A Kentucky city has drummed up a unique way to boost tourism in the Blue Grass state — by blasting an invitation to aliens possibly living in a star system 40 lightyears away.
Scientists in Lexington — along with a clever advertising team from VisitLex — sent a coded infrared laser message to TRAPPIST-1, a star with at least seven exoplanets believed to be potentially hospitable to life.
At about 235 trillion miles from Lexington, and Earth, the message won’t reach its destination for 38 years, 262 days, 7 hours, 9 minutes and… 42 seconds, according to a countdown running on VisitLex’s website at the time of writing, but scientists see that duration as actually working in their favor.
“We are targeting the TRAPPIST-1 system because we might actually get an answer in somebody’s lifetime if there’s somebody there watching,” said Dr. Robert Lodder, a University of Kentucky computer engineering professor with a bevy of credentials in astrochemistry, astrobiology, and SETI (Search for Extra Terrestrial Life) programs.
Dubbed “the world’s first interstellar tourism campaign” by VisitLex, the message drew on a team of Kentucky linguists, scientists — even science fiction experts — to compile the transmission broadcast to the distant star.
The message is a coded bitmap, or simple pixel-plotted image, that contains information about Earth including prime numbers, the periodic elements that are the building blocks for life in our corner of the universe, along with renderings of humans and horses.
Also included in the message are the molecular structures for the elements of Lexington’s favorite export — bourbon — and of dopamine, too, “because Lexington is fun,” VisitLex noted.

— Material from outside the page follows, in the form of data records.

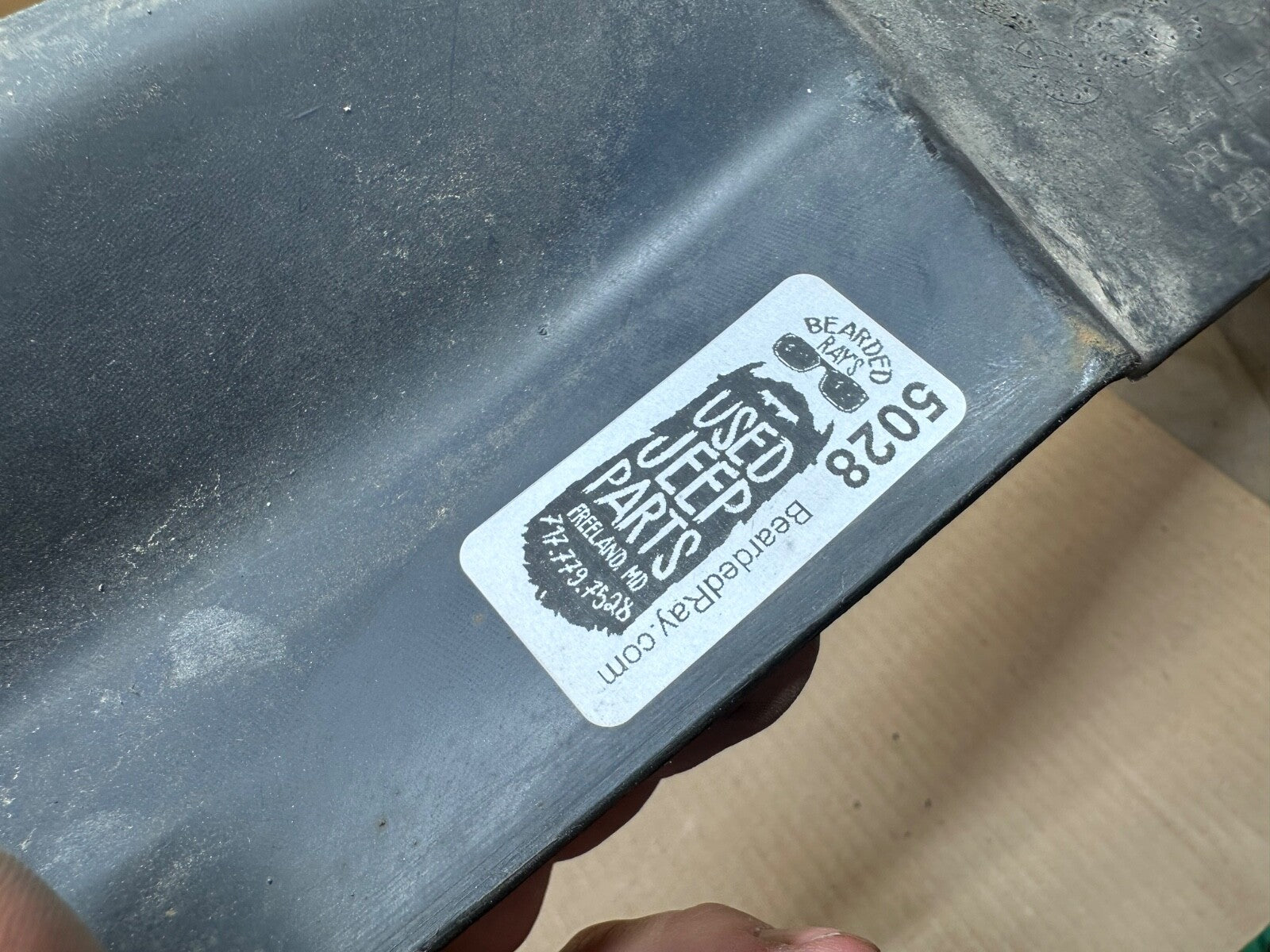 1997 - 14 Ford Econoline E150 E250 E350 Fender Liner LH Driver Side 4C2Z16103AA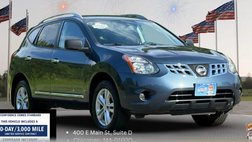 2015 Nissan Rogue Select S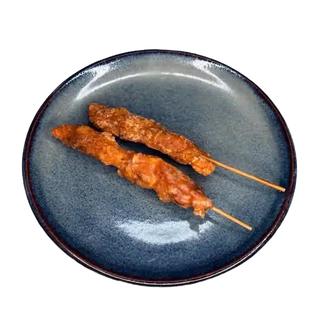 82. Espetadas de Frango (4 uni.)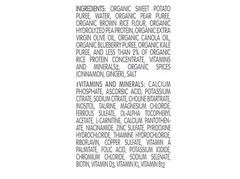 Compleat Pediatric Organic Blends Plant Base Blenderized Tube Feeding BOX of 24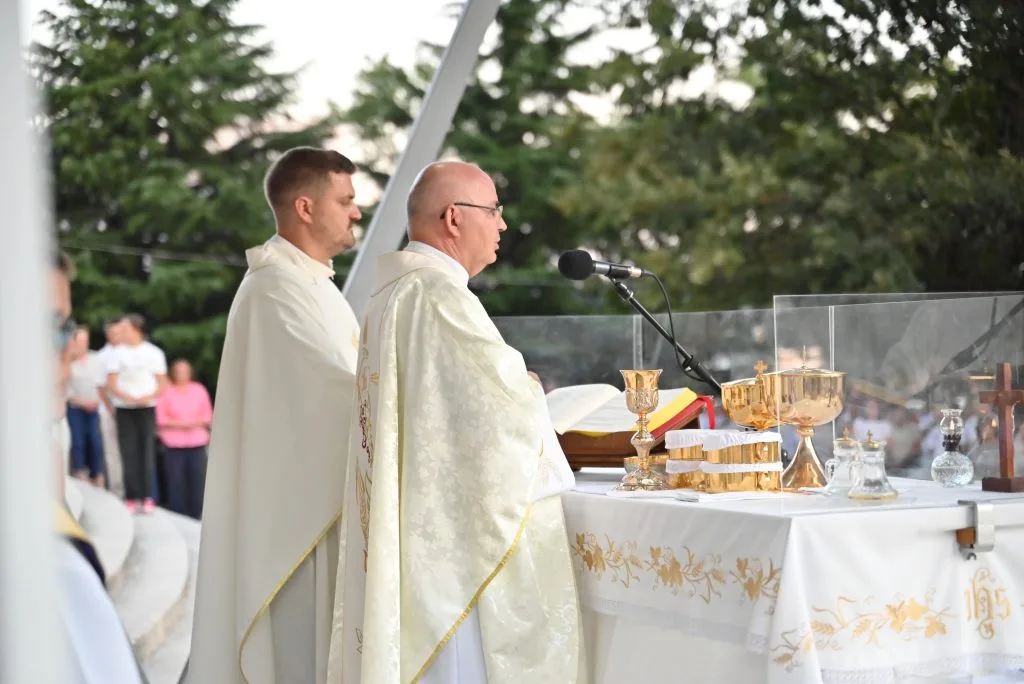 Uočnica Velike Gospe u Posušju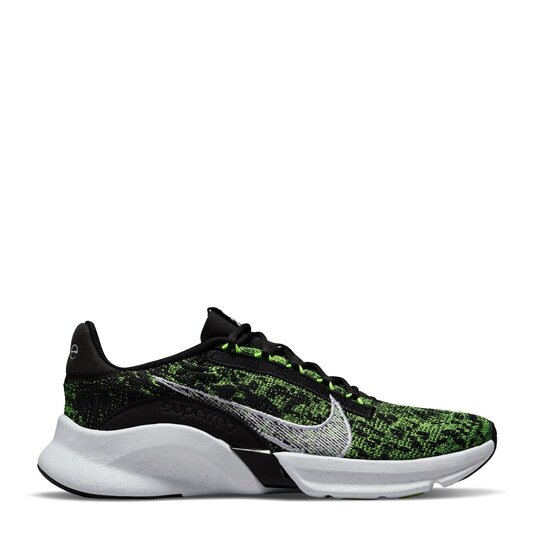 Nike SuperRep Go 3 Next Nature Flyknit Mens Training Shoes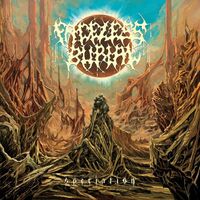 Faceless Burial - Speciation vinyl cover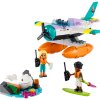 LEGO® Záchranářský hydroplán 41752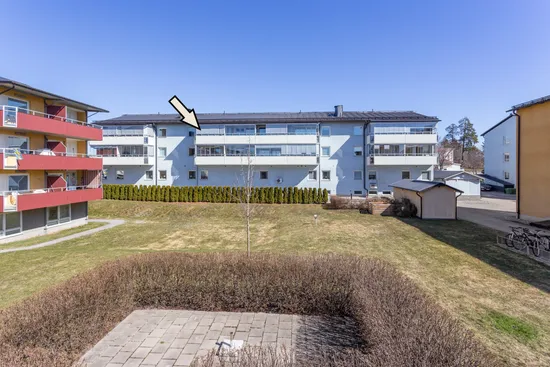 Bostadsrätt, Centralvägen 62 A, Lgh 1205, Frövi, Lindesberg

The team also threw in a pastoral scene of rolling Kentucky hills, the message “Visit Lexington” written out in plain English, and a recording of Lexington blues master Tee Dee Young wailing on his electric guitar.
“Of all the things we’ve been beaming into space, why not a positive, friendly message?” said University of Kentucky linguistics professor, Dr. Brenna Byrd.
The message and its broadcast were approved by the Federal Aviation Administration, according to VisitLex.
Though it may be the first time a travel brochure was launched into space, the message was far from the first time humans have sent dispatches to alien life that might be out there listening in the cosmos.
The Voyager deep space probes launched in 1977 both contained identical golden phonograph records intended to give intelligent extra terrestrials who might come across them an idea of what life looks and sounds like on Earth.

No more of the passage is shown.